→ What to work on
Sort through the data and copy the lines holding the word "Apartment".

(Crawled caption data)
◆ ◆ ◆ ◆
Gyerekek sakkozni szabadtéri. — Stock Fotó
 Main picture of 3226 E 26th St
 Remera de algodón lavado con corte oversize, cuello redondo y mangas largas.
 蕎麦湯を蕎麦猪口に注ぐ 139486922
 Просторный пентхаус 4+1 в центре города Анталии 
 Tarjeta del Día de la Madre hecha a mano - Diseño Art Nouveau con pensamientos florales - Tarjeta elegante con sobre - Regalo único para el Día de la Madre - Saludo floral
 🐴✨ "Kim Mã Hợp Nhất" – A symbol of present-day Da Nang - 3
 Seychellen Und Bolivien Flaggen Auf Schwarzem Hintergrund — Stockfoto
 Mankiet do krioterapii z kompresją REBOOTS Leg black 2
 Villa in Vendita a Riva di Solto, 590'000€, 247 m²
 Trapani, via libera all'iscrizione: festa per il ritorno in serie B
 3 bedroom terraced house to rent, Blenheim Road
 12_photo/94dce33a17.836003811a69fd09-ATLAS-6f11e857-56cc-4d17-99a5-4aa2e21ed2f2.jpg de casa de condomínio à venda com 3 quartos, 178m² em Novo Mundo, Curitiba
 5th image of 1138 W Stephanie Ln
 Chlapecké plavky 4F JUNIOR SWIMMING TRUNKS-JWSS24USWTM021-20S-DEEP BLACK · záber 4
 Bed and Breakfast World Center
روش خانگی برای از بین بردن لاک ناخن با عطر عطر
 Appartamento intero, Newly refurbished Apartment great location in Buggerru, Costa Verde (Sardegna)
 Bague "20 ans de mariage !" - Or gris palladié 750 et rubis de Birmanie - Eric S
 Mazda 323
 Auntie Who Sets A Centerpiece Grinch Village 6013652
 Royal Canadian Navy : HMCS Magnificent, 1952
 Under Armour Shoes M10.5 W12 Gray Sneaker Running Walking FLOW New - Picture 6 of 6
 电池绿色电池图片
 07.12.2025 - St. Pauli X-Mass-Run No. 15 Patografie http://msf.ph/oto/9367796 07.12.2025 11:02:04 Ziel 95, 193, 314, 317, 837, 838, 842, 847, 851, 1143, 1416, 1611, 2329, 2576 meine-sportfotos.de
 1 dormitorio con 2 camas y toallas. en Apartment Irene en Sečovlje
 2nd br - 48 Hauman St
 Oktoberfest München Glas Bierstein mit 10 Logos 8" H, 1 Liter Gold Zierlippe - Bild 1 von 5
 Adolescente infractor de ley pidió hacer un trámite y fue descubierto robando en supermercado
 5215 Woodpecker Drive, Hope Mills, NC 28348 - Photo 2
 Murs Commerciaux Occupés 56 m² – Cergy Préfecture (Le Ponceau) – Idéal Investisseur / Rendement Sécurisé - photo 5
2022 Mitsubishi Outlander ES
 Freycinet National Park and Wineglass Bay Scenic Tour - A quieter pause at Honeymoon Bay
◆ ◆ ◆ ◆
→ Output below
 Appartamento intero, Newly refurbished Apartment great location in Buggerru, Costa Verde (Sardegna)
 1 dormitorio con 2 camas y toallas. en Apartment Irene en Sečovlje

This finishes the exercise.